#### Exercise data

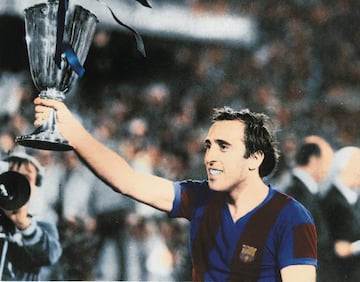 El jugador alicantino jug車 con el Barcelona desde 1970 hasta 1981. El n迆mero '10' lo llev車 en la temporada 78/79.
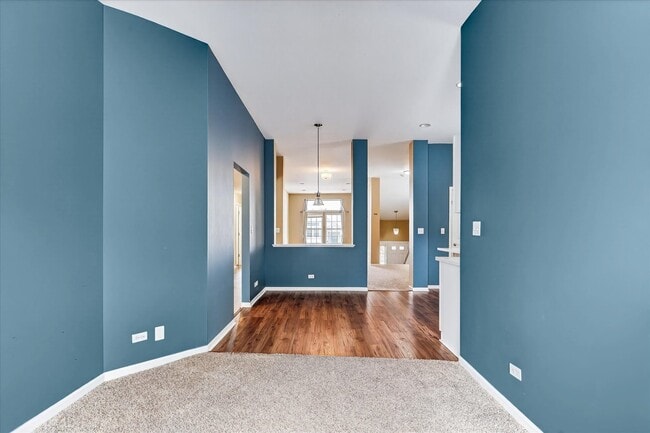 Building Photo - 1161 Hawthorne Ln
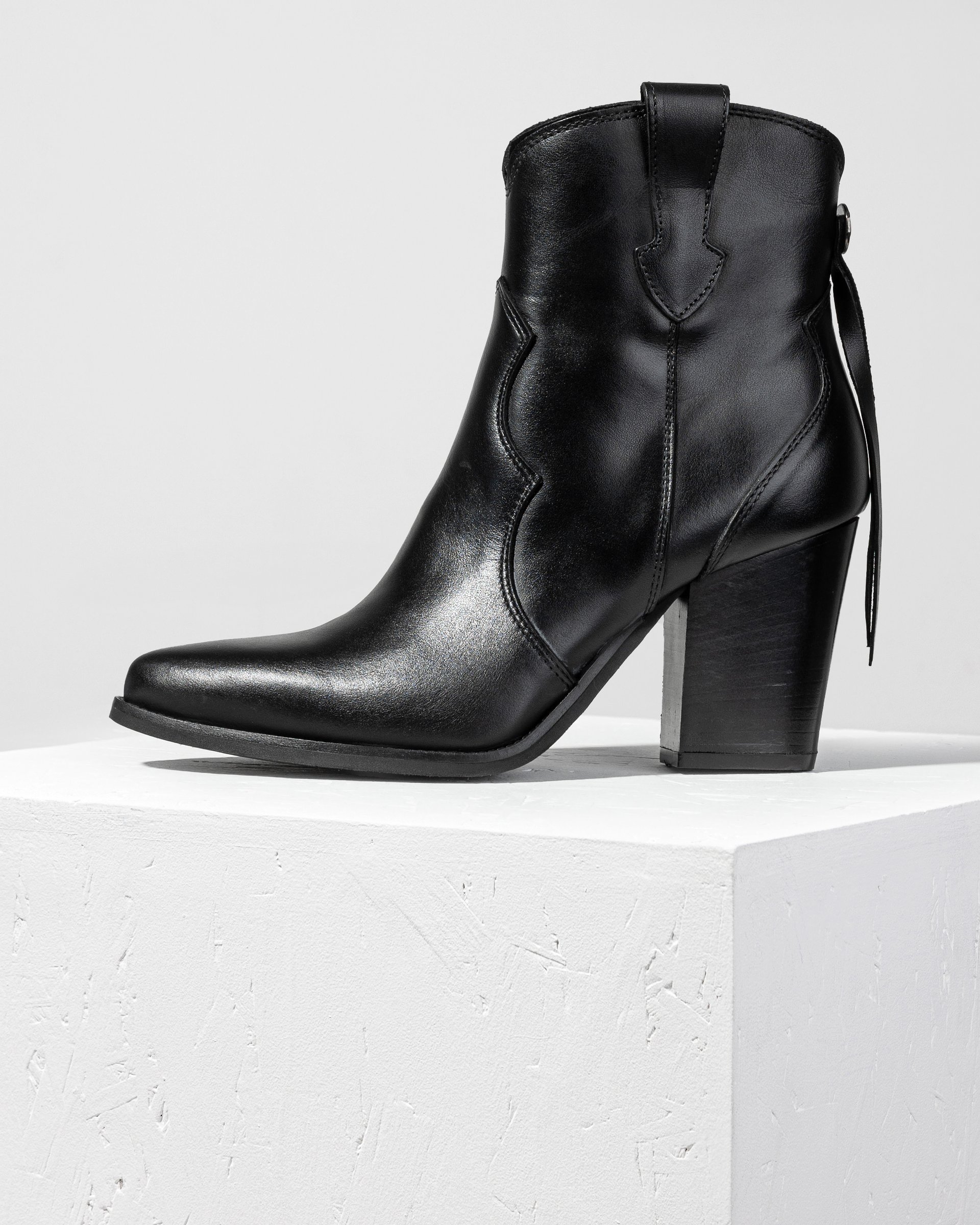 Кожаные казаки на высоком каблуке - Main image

########
#### Exercise data

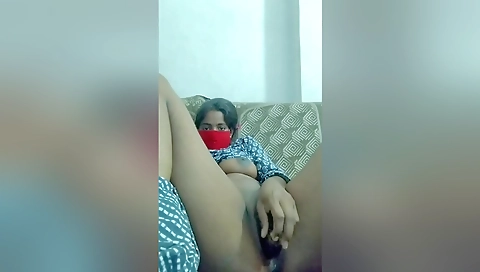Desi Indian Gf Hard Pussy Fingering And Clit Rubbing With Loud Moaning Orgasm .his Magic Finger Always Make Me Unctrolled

########

Directions for this task: Begin at the line in the entries above that has "El jugador alicantino", stop after the line that has "Кожаные казаки на", and output exactly those lines without pictures.

Answer to the exercise:
 El jugador alicantino jug車 con el Barcelona desde 1970 hasta 1981. El n迆mero '10' lo llev車 en la temporada 78/79.
 Building Photo - 1161 Hawthorne Ln
 Кожаные казаки на высоком каблуке - Main image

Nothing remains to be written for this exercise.